Lindsay Mitchell

Jun 22, 2016  |  Today's News

Yesterday, the Department of Transportation’s Federal Aviation Administration finalized regulations for unmanned aircraft systems (UAS or “drones”) under 55 pounds that will take effect late this August.

Illinois Corn has been advocating for regulations that would still allow farmers adequate use of UAS on their farms for commercial use.

The new rule, simplifies the process for the commercial use of drones. Previously, the FAA only authorized commercial uses on a case-by-case basis. Under the new rule, drones weighing less than 55 pounds can fly at altitudes of up to 400 feet and up to 100 miles per hour during the day (30 minutes before official sunrise to 30 minutes after official sunset, local time). Drones must stay within the operator’s visual line-of-sight. The rule bans night time operation without an FAA waiver; operation from a moving vehicle or aircraft; carrying hazardous materials; operation over any persons not directly participating in the operation; operation under a covered structure or inside a covered stationary vehicle.

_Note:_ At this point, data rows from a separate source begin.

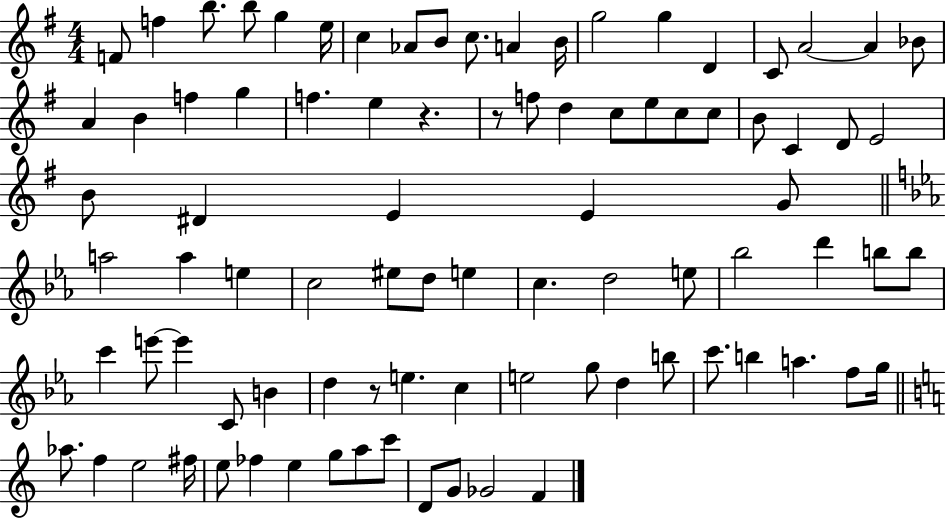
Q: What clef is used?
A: treble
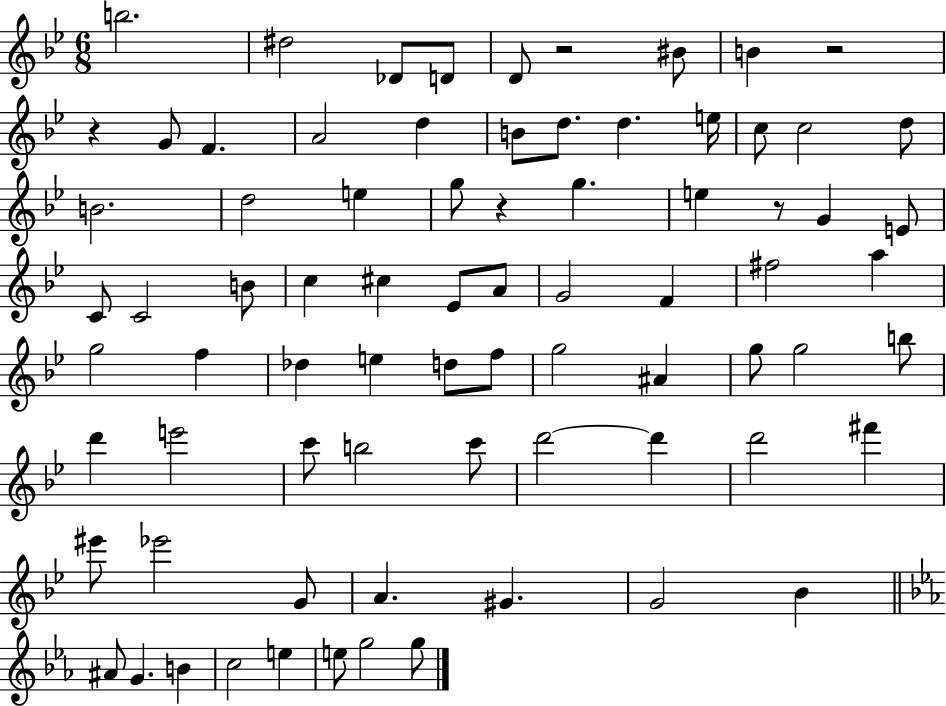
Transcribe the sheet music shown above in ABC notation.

X:1
T:Untitled
M:6/8
L:1/4
K:Bb
b2 ^d2 _D/2 D/2 D/2 z2 ^B/2 B z2 z G/2 F A2 d B/2 d/2 d e/4 c/2 c2 d/2 B2 d2 e g/2 z g e z/2 G E/2 C/2 C2 B/2 c ^c _E/2 A/2 G2 F ^f2 a g2 f _d e d/2 f/2 g2 ^A g/2 g2 b/2 d' e'2 c'/2 b2 c'/2 d'2 d' d'2 ^f' ^e'/2 _e'2 G/2 A ^G G2 _B ^A/2 G B c2 e e/2 g2 g/2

Commercial drone pilots must obtain a remote pilot airman certificate with a small UAS rating or be under the direct supervision of a person who has one. To qualify, a person must:

  • Be at least 16 years of age.
  • Pass an initial aeronautical knowledge test at an FAA knowledge testing center, or
  • Hold a part 61 pilot certificate, complete a flight review within the previous 24 months and complete a small FAA UAS training course.
  • Be vetted by the Transportation Security Administration.
  • Part 61 pilot certificate holders may obtain a temporary remote pilot certificate immediately upon submitting an application.
  • Note: Recreational drone operators are still required to register their hobby drones.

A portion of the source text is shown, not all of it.